Passage in the Senate all but guarantees the bill will be signed into law. A companion bill with nearly identical language passed out of the House early in the session 64-34, meaning that unless the Democrats who control the House have had a major change of heart, the Senate version will have more than enough votes to pass. After that, it would only need the signature of the governor – and Inslee has been a loud supporter for the legislation came from a task force Inslee himself established.
As Crosscut reporter Tom James writes, there was some controversy over the deadline for weaning schools from dependence on local property tax levies. But the Senate got past that, passing the measure 26-23 with the original deadline back in.

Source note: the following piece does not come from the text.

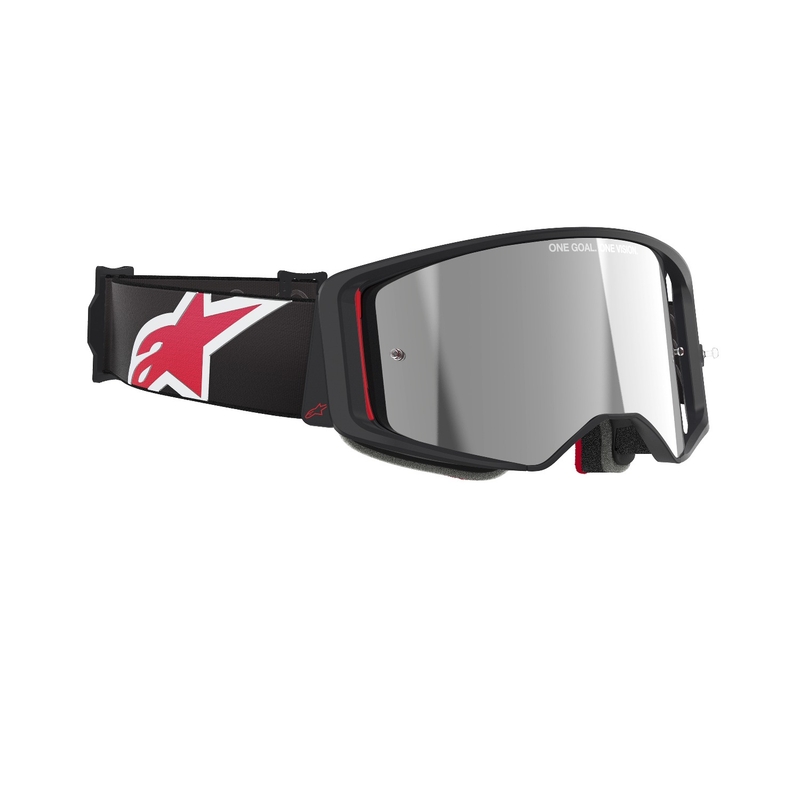 Črno-rdeča očala za motokros Alpinestars Supertech Corp z zrcalno srebrno lečo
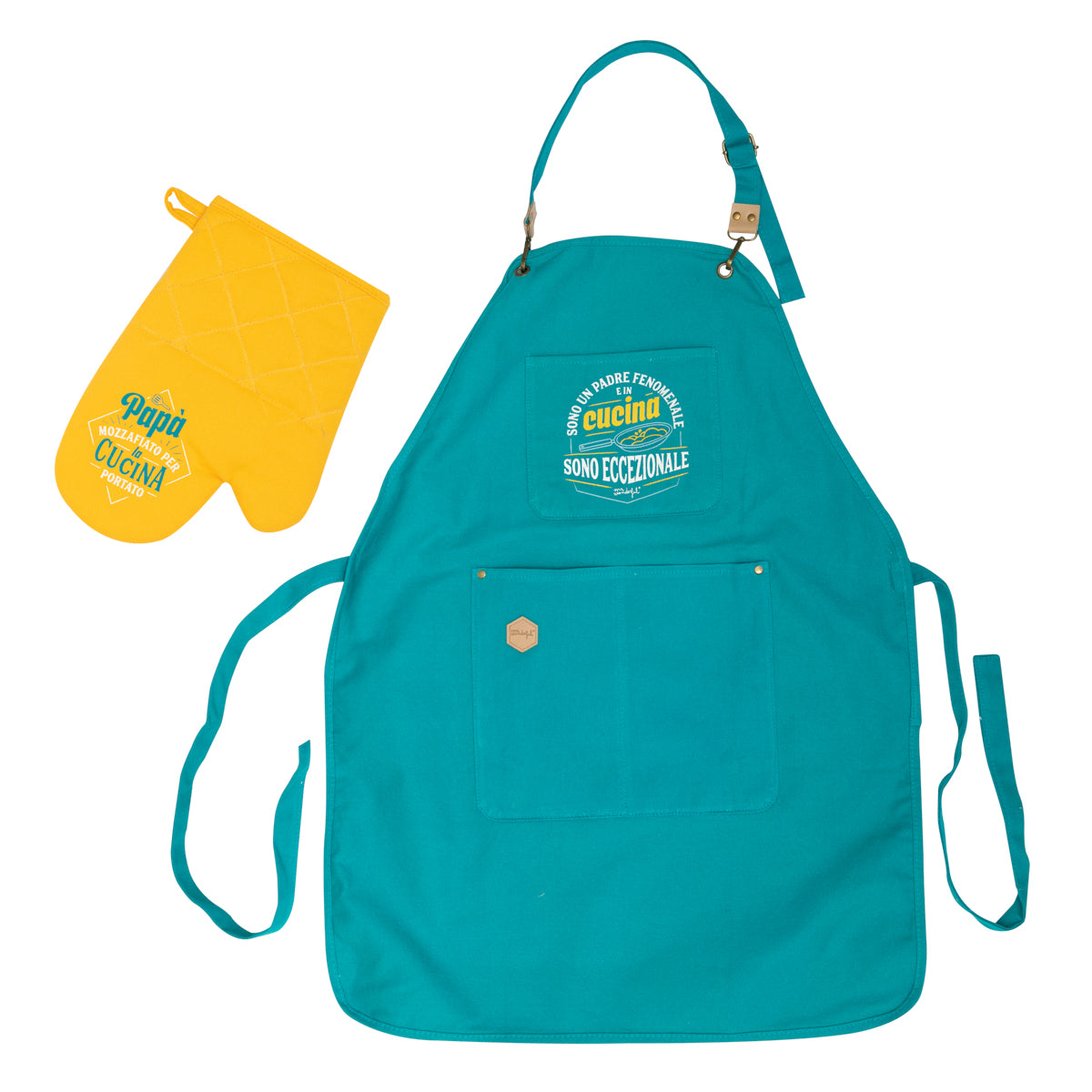 Grembiule + ensemble de pression - Je suis un père phénoménal et dans la cuisine, je suis très exceptionnel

…the bill formally extends the work of Inslee’s education task force and provides a quarter million dollars to analyze the funding requirements of local schools, including breaking down teacher compensation by region. Figuring out how to work teacher compensation into a new statewide system will be a major task in fulfilling the McCleary obligations.
Inslee praised the Senate’s passage of the measure, as well as the House’s work on its version of the bill.
We wrote about the plan January 19. Critics charged that it was just another example of lawmakers punting tough problems to the next session. That characterization didn’t seem fair to us.
But, as we wrote earlier, it was never realistic to expect major funding decisions and commitments to be made during this short session…Pragmatically, a “plan for coming to a solution” might just be the best outcome this year.
Armed with better information, next year’s Legislature will come to grips with some tough funding challenges. The “best outcome” appears to have been achieved.